Over 150 participants attended PIH’s sessions, representing peer organizations such as PIVOT, Muso, Possible, Last Mile Health, Integrate Health, Amref, and many members of the Frontline Health Workers Coalition and Civil Society Engagement Mechanism for UHC2030, prominent stakeholders including the WHO, World Bank, Global Fund, USAID, GAVI, and Global Health Council, and more than ten Ministry of Health delegations across countries as diverse as Liberia, Madagascar, Kazakhstan, and Nepal. Throughout the day, discussions were forward-looking, social justice focused, and rooted in asking hard questions regarding how to provide increased access to quality care to the world’s most vulnerable populations.

As Dr. Joia Mukherjee, PIH’s Chief Medical Officer, stated in an opinion piece coinciding with last week’s conference:

“Provision of high quality care is attainable in some of the hardest to reach and least-resourced settings when patient-centered approaches are prioritized […] Universal health coverage is an ideal whose benefits are clear, whose time has come, and whose expense is nothing compared to the cost of continued delays.”

As someone representing the NCD community through my role with the NCD Synergies program at PIH and who has closely collaborated with partners like the Global Health Council, NCD Roundtable, and the Women and NCDs Taskforce in advocacy efforts leading up to the 2018 UN High-Level Meeting on NCDs, it was inspiring to be – just over a month later – in a room where NCDs, mental health, and injuries fit squarely in a broader conversation around how to achieve universal health coverage and health financing in the poorest settings where PIH works.

As we have demonstrated through PIH’s work and partnership across the Program in Global NCDs and Social Change at Harvard Medical School and the Lancet Commission on Reframing NCDs and Injuries among the Poorest Billion, there are proven strategies to address gaps in care for NCDs, mental health, and surgically-amenable conditions, which often extend beyond primary care, such as the PEN-Plus packagefor integrated management of severe, complex, and chronic NCDs such as rheumatic heart disease and type 1 diabetes at first-level hospitals.

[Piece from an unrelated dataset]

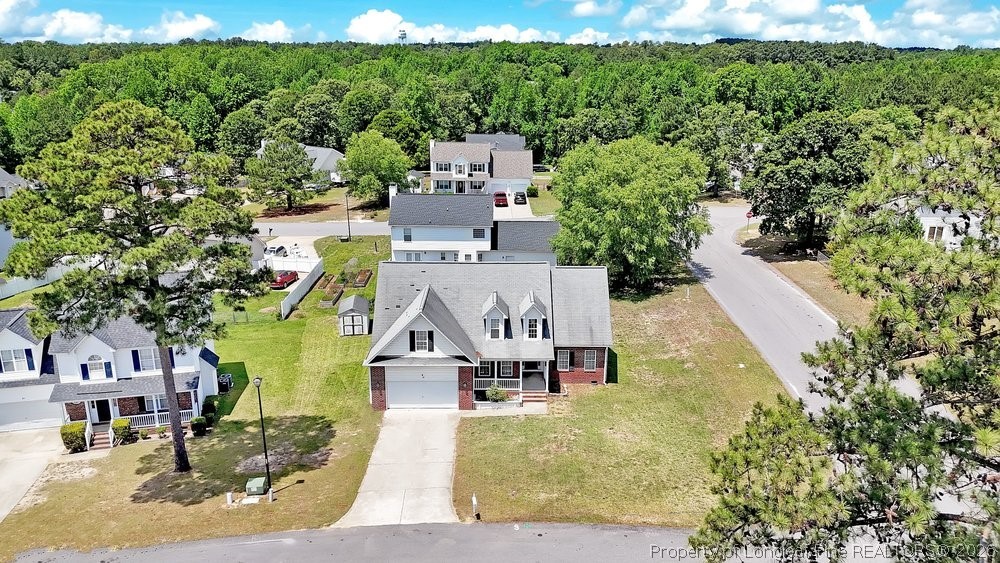 10 Pender Road Spring Lake, NC 28390 - Photo 31 of 35 an aerial view of a house with a garden and lake view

For those that have seen or experienced the struggles of young patients like Babesh Tumang and Sheila Chipenge living with NCDs like neuroblastoma and type 1 diabetes, it is immediately clear why severe NCDs that impact the world’s youngest and poorest patients must be included as an essential part of the global UHC agenda. Their voices are why our NCD Synergies team made the call to action we did on behalf of PIH at the July 5th United Nations Interactive Hearing on NCDs alongside our colleagues at Global Health Council and other civil society institutions.

Their voices are also why we were so honored to be in Astana to come together around such an ambitious call to action to support governments to progressively achieve universal coverage to quality care spanning the health system and inclusive of all conditions – from cholera to multi-drug resistant tuberculosis to rheumatic heart disease.

We ask our colleagues throughout the world to join forces with us in advocating for increased funds for integrated health systems strengthening to achieve UHC. Let’s work together to realize the commitments in the Astana Declaration – and throughout the UHC agenda – in a way we didn’t following Alma Ata in 1978.